# 📊 IMDB Top 1000 Movies - Exploratory Data Analysis (EDA)

## 📌 Project Overview
This notebook explores the **IMDB Top 1000 Movies dataset** to analyze:
- Movie ratings distribution
- Most popular genres
- Revenue trends over time
- Relationship between IMDB ratings and box office performance


## 📌 Step 1: Load the Dataset

In [None]:

import pandas as pd

# Load dataset
file_path = "imdb_top_1000.csv"
df = pd.read_csv(file_path)

# Display first few rows
df.head()


## 📌 Step 2: Data Cleaning

In [None]:

# Convert Released_Year to integer format
df["Released_Year"] = df["Released_Year"].str.extract('(\d+)').astype(float).astype('Int64')

# Convert Gross revenue to numeric format
df["Gross"] = df["Gross"].str.replace(",", "").astype(float)

# Fill missing Certificate values with "Unknown"
df["Certificate"] = df["Certificate"].fillna("Unknown")

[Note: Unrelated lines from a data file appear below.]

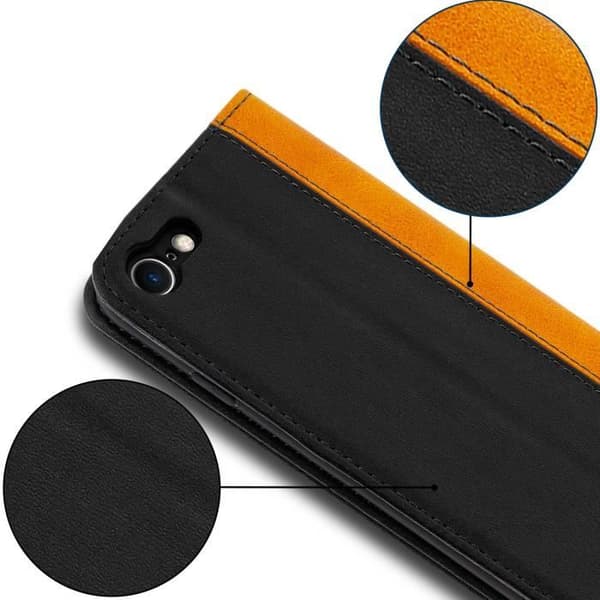 iPhone 7 och 8-fodral - AVIZAR - Folio-fodral - Ekologisk läder - Kortfack - Stödfunktion svart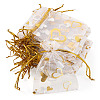50Pcs Heart Printed Organza Bags OP-TADJ0001-01H-2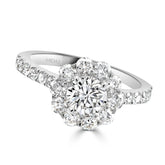 Round Brilliant Floral Halo Diamond Engagement Ring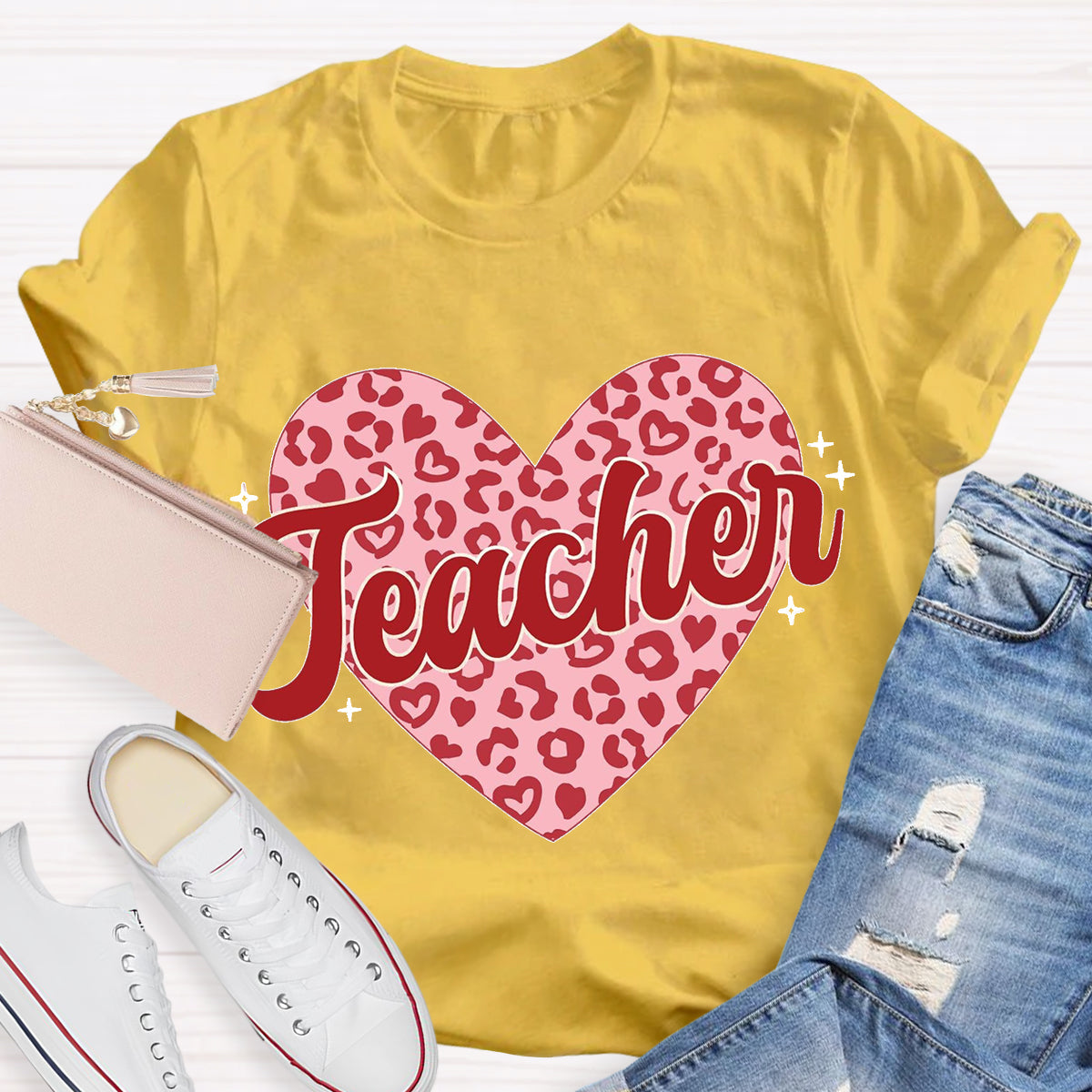 Checkered Heart Teacher T-Shirt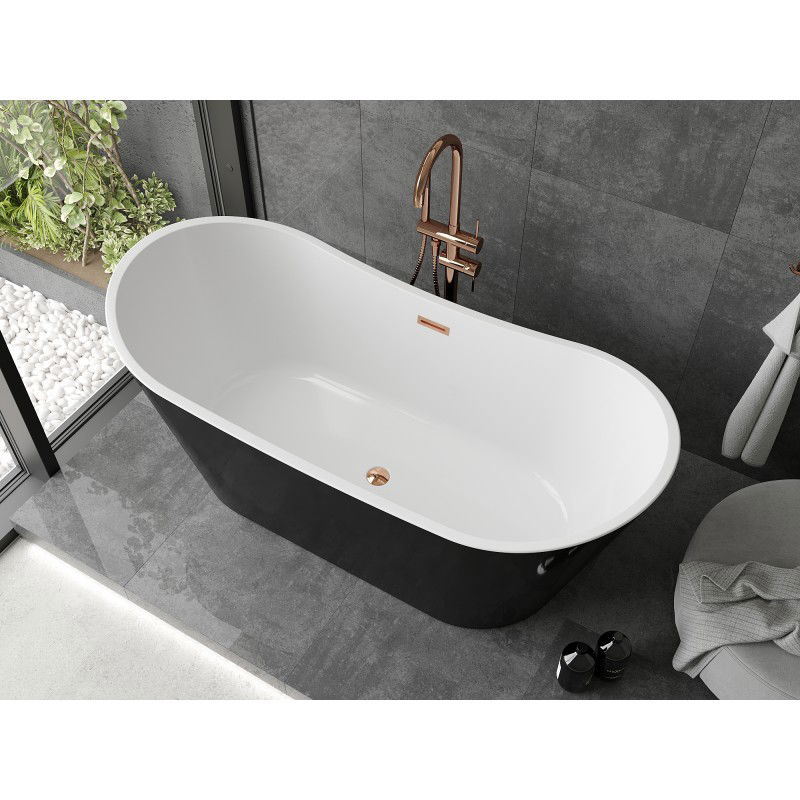 Mexen Montana banheira independente 150 x 75 cm, branco/preto, extravasor ouro rosa - 52011507575-60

# Drop rows where Meta_score and Gross are missing
df.dropna(subset=["Meta_score", "Gross"], inplace=True)

# Verify cleaned data
df.info()


## 📌 Step 3: Exploratory Data Analysis (EDA)

### 🎬 IMDB Ratings Distribution

In [None]:

import matplotlib.pyplot as plt

# Histogram for IMDB Ratings
plt.figure(figsize=(8, 5))
plt.hist(df["IMDB_Rating"], bins=10, color="skyblue", edgecolor="black")
plt.xlabel("IMDB Rating")
plt.ylabel("Number of Movies")
plt.title("Distribution of IMDB Ratings")
plt.grid(axis="y", linestyle="--", alpha=0.7)
plt.show()


### 🎭 Most Common Movie Genres

In [None]:

# Bar chart for most common genres
plt.figure(figsize=(10, 5))
df["Genre"].value_counts().head(10).plot(kind="bar", color="orange", edgecolor="black")
plt.xlabel("Genre")
plt.ylabel("Count")
plt.title("Top 10 Most Common Movie Genres")
plt.xticks(rotation=45)
plt.grid(axis="y", linestyle="--", alpha=0.7)
plt.show()


### 💰 IMDB Ratings vs. Box Office Revenue

In [None]:

# Scatter plot: IMDB Rating vs Gross Revenue
plt.figure(figsize=(8, 5))
plt.scatter(df["IMDB_Rating"], df["Gross"], alpha=0.6, color="green")
plt.xlabel("IMDB Rating")
plt.ylabel("Box Office Revenue ($)")
plt.title("IMDB Ratings vs. Box Office Revenue")
plt.grid(alpha=0.5)
plt.show()


## 📌 Step 4: Key Findings & Conclusion


### 🔹 Key Findings:
- Most movies are rated **between 7.0 and 8.0**, with few reaching **9.0+**.
- **Drama** is the most dominant genre, often mixed with other categories like **Romance & Comedy**.
- **Movies rated around 8.0 perform better at the box office** than those rated 9+.
- **Steven Spielberg is the most frequently featured director** in this dataset (13 movies).
- **Box office revenue has significantly increased post-2010**, with **2018 having the highest average revenue per movie (~$216.8M)**.

### 📌 Next Steps:
- Extend analysis to compare IMDB ratings with **Rotten Tomatoes scores**.
- Apply **Machine Learning** to predict **box office success based on movie features**.